Después vendrían los intentos de componer una letra; lo de Marta Sánchez, etcétera. Nada. La iniciativa triunfó menos que el esperanto. Al menos, ahora cuando juega la selección y suena el himno, nuestro capitán levanta mucho el cuello, clava la mirada en los drones que sobrevuelan el terreno de juego y se muerde por dentro los carrillos. Cantar no cantará, pero su cara es todo un poema. El chaval lo vive y suele lanzar los penaltis a lo Panenka, nada que objetar.
La cuestión, que me enrollo, es que el otro día vivimos un nuevo episodio (y ya van unos cuantos) a cuenta del himno patrio.
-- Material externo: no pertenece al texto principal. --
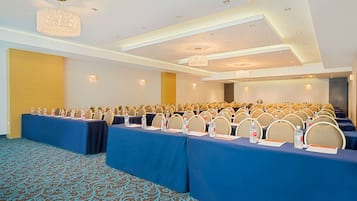 A conference room with rows of tables, chairs, and a chandelier.
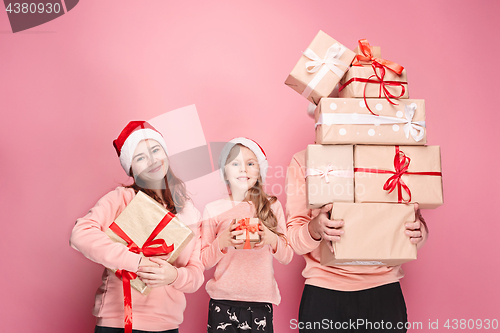 Image of Father and mother give gifts to little daughter at studio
Viajaban rumbo a Bolivia, juntos y en compañía, el rey no emérito y el vicepresidente de la ínsula de Galapagar, lo cual puede parecer el comienzo de un chiste, pero no lo es.
Probablemente, el karma de la excursión transoceánica tampoco era el más apropiado. A su llegada a tierras ‘’indígenas’’, los recibía a pie de pista (con la solana que debía pegar) la música de una pequeña orquesta engalanada para la ocasión. Las mascarillas no lograron disimular las caras de póker de nuestros (ejem) representantes, mientras la banda (no en sentido peyorativo) daba rienda suelta a su creatividad.
A decir verdad, personalmente, quizá por lo novedoso, me gustó más que la versión reglamentaria. El himno con ese aire desacompasado de vientos y percusión, interpretado de tal forma, tenía un aire a desfile carnavalesco de Mardi Gras que me trasladó durante unos instantes al barrio francés de Nueva Orleans, Bourbon Street, la gran Luisiana, el viejo imperio y tal. Todo quedaba en casa, al fin y al cabo.
Unos se lo tomaron como un sacrilegio orquestado, si me permiten el juego de palabras, por la masonería diabólico-podemita, otros como una justa venganza bolivariana de lectura pos colonialista y a otros, más allá de la chanza, nos ha dado exactamente igual. Al final, el tiempo pone todo en su lugar y, visto lo visto, la letra del culo blanco encajaba con el ritmo y tampoco estaba tan mal traída. Muerto el perro se acabó la rabia; mas ahora, que la familia Franco está a punto de ser desalojada de un pazo que tienen por ahí okupado. Pero eso, mientras la RAE no diga lo contrario, es otra historia.